SmartField’s vision is to reduce N2O emissions by 20%–30% in Danish agricultural fields by 2030, all while maintaining high productivity and avoiding N pollution. Currently, a thorough assessment of N2O mitigation options is lacking because most measurement approaches cannot quantify N2O pulse emissions or understand its role in ecosystem N cycling and N exchange processes with the atmosphere and hydrosphere. This shortcoming introduces major uncertainties: observed variations in N2O fluxes, coupled with a lack of understanding of the fate of applied N fertilizer, render nearly all potential mitigation options insignificant in a meta-analysis on a global scale, except for the use of nitrification inhibitors (Grados et al 2022). The SmartField initiative aims to address this issue by developing a comprehensive measurement and modeling framework. Furthermore, SmartField aims to raise public awareness of N2O and N research by explicitly including practitioners and politicians. SmartField also aims to discuss cost-effective incentives for reducing N2O emissions and environmental N pollution with farmers and authorities by applying a range of measures and technologies at the field and farm levels. Thus, SmartField has the potential to be a groundbreaking project that improves our understanding of how to best validate mitigation measures, of modeling of, and communication about N2O emissions from agricultural systems. Furthermore, SmartField will help identify practical, spatial-explicit mitigation strategies and technologies for current and future environmental conditions, enabling us to adapt to climate change while reducing N2O and other reactive N losses to the environment.

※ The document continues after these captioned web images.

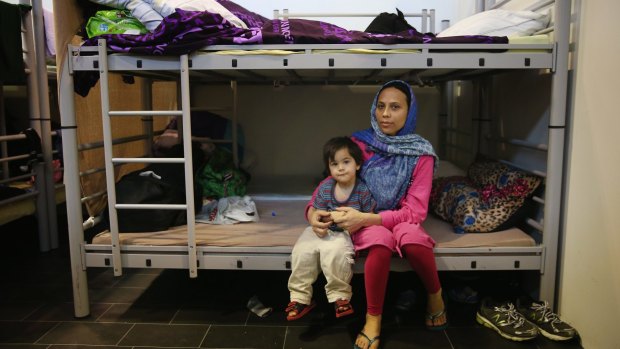 The ongoing war in Afghanistan means that many Afghans are among the hundreds of thousands of people seeking refuge in Europe. Here, an Afghan mother and child sit on their bunk bed at the Tempelhof refugee camp in Berlin.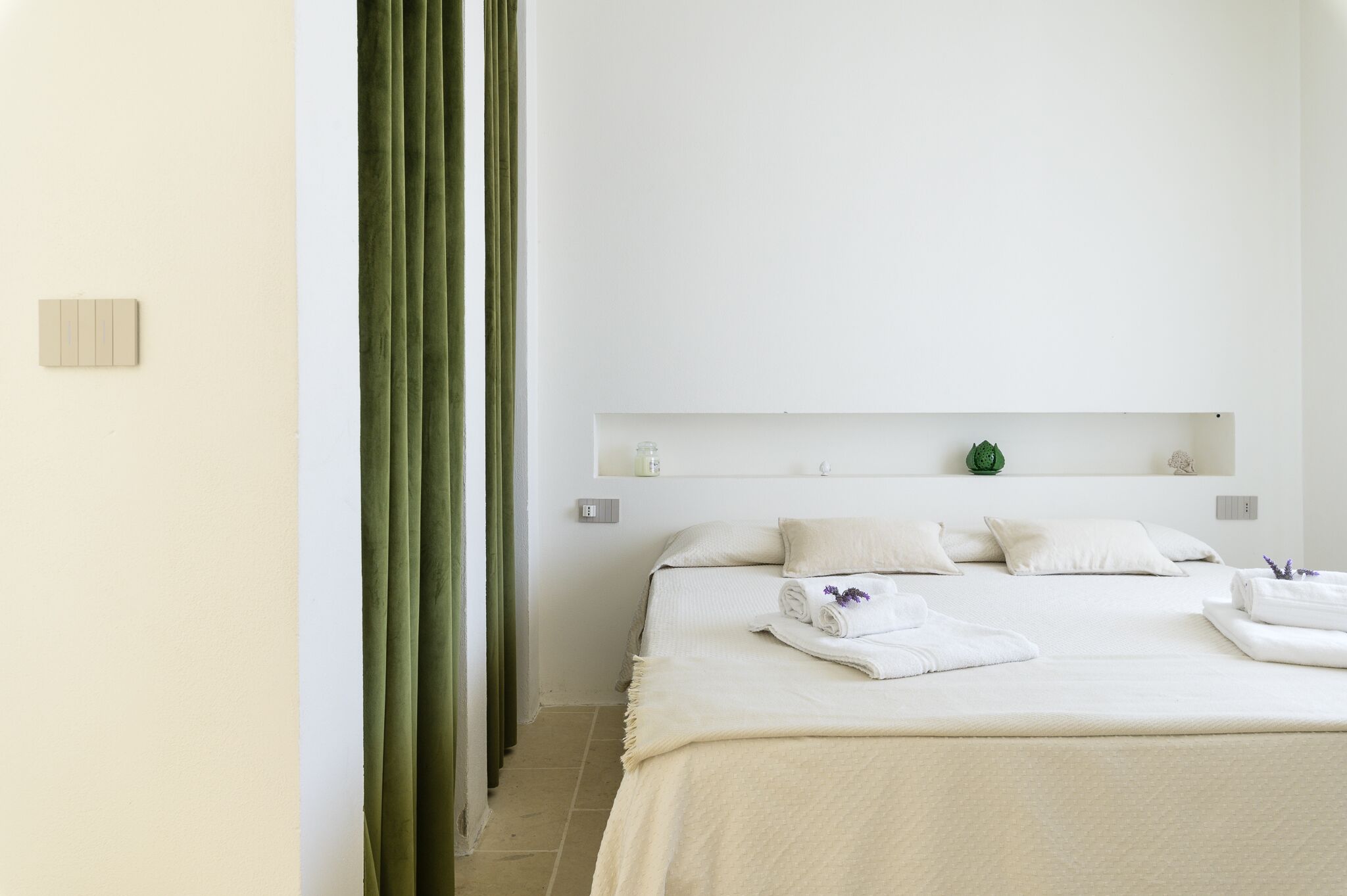 Camera d'albergo dal design minimalista, con un letto, una tenda verde e uno scaffale con articoli da toilette.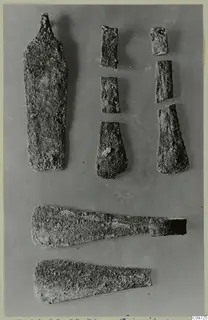 Several bronze tools and tool fragments laid out on a grey background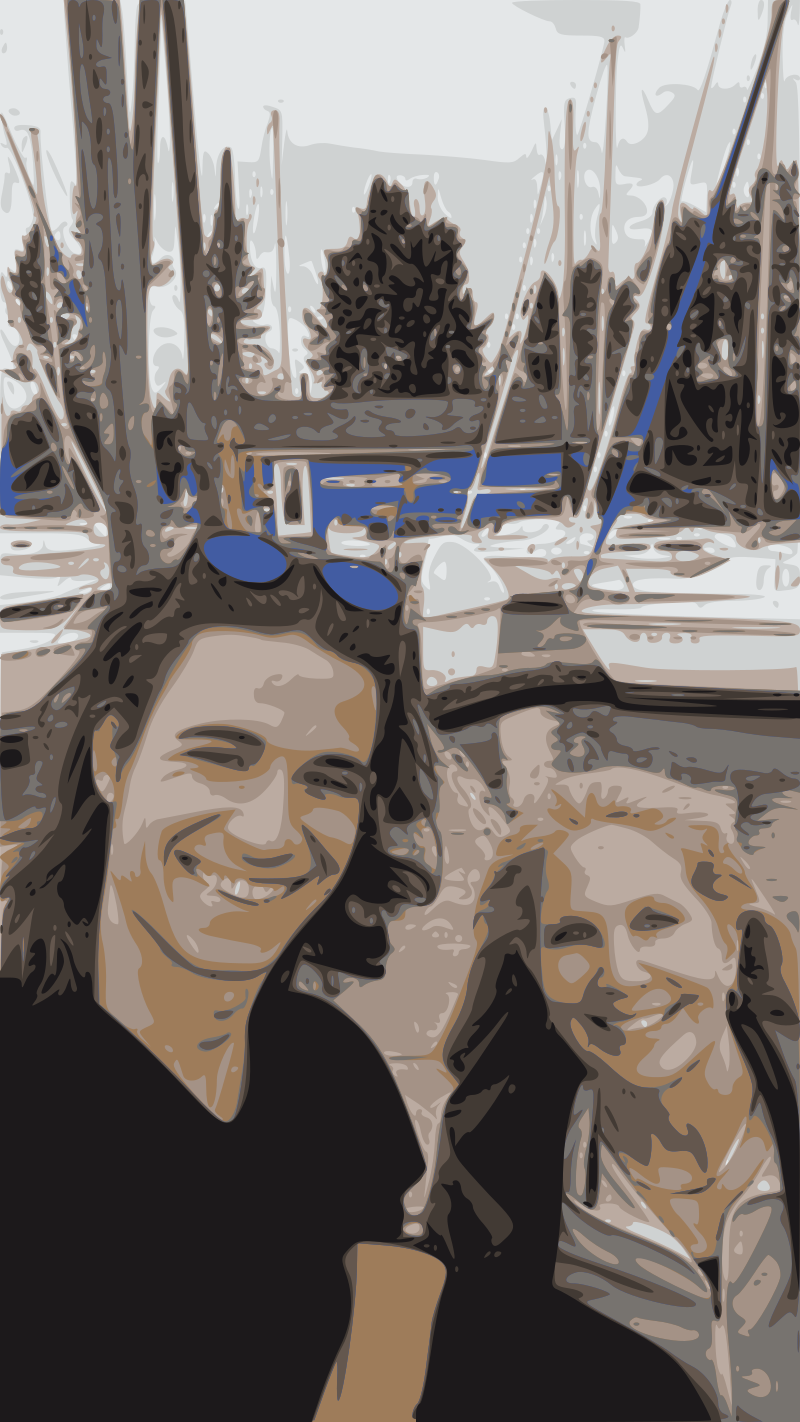 Photo of mother and son on dock of Island Sailing Club .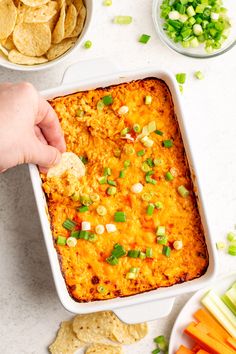 a person dipping tortilla into a casserole dish with vegetables and chips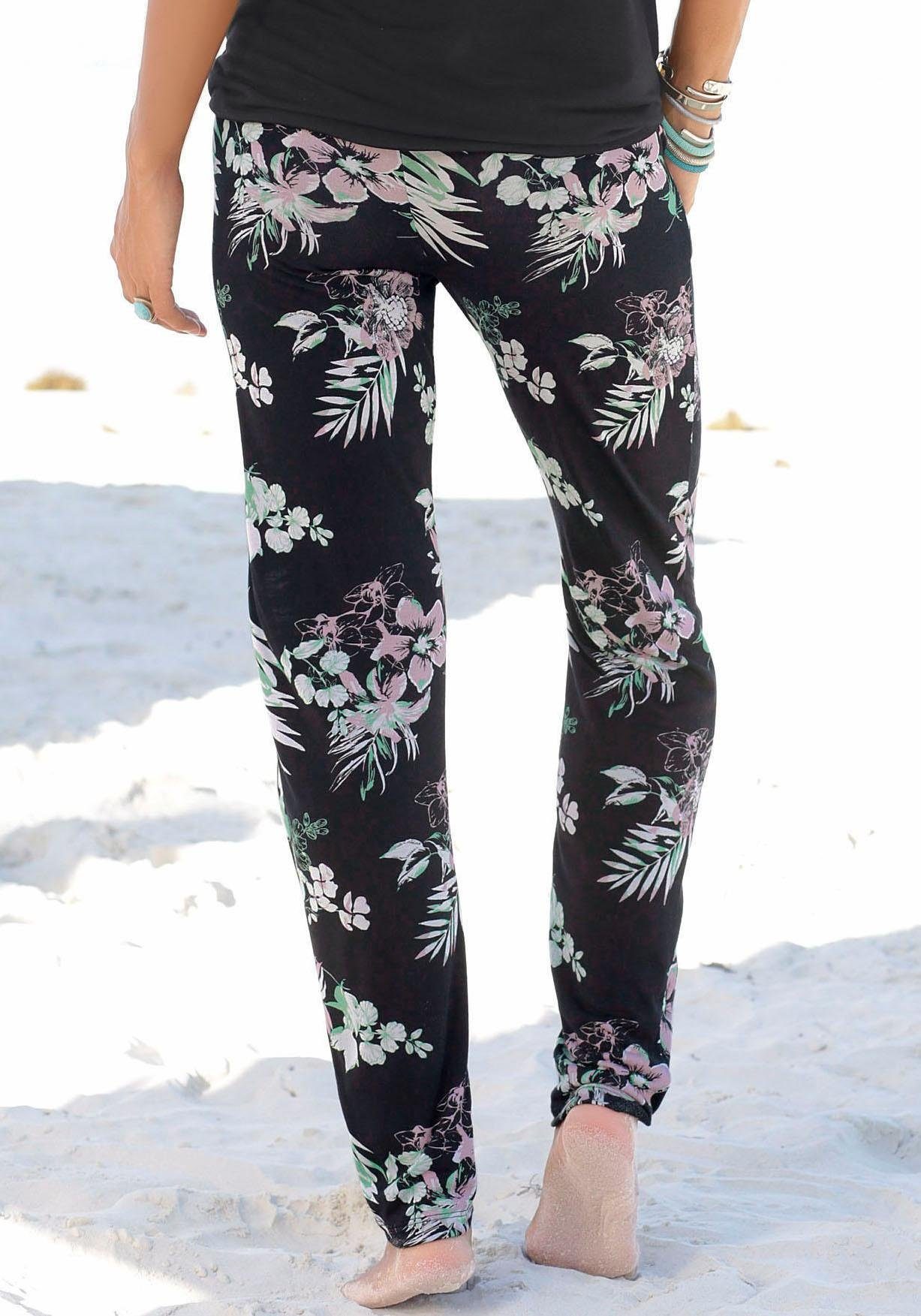 Lascana Strandbroek met tropische print en zakken, jersey broek, zomerbroek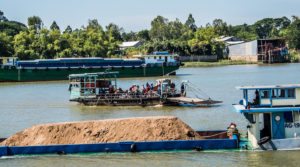 Boat carrying sand on the Xáng Canal in Vietnam's An Giang Province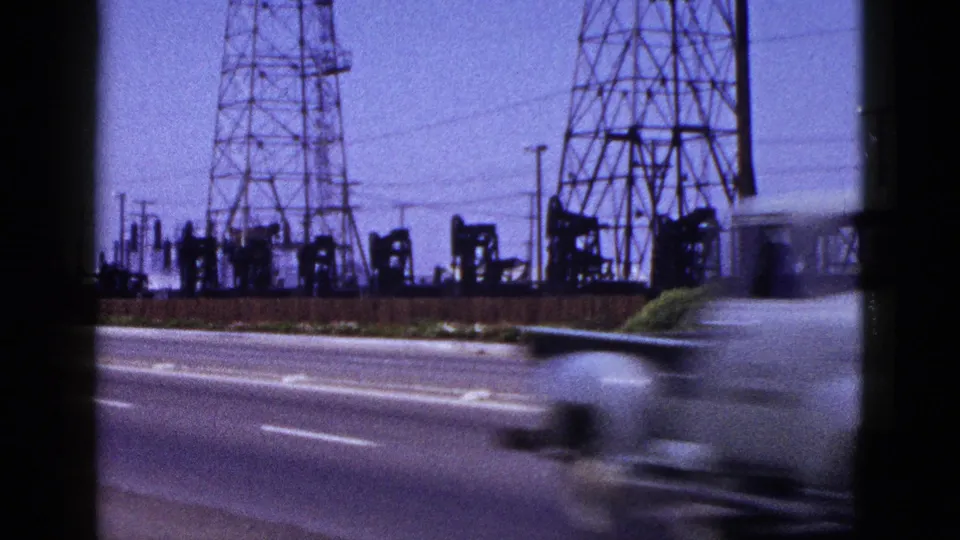 A passing vehicle blurs across a 1953 8mm roadside view of power towers, utility wires, and oil pumpjacks.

The SmartField initiative receives funding by the Novo Nordisk Foundation under Grant No. NNF24SA0091172. We would like to thank our partners in SmartField: the Danish Technological Institute, Aarhus University, University of Copenhagen, SEGES Innovation, and Colorado State University. Special thanks go to Triven Koganti and Jaber Rahimi for providing the figures for this paper, and to Mette Walter for her contributions to the development of the SmartField concept. Note, one author is a current employee at the Novo Nordisk Foundation and was involved in co-creation of the SmartField project.
All data that support the findings of this study are included within the article (and any supplementary files).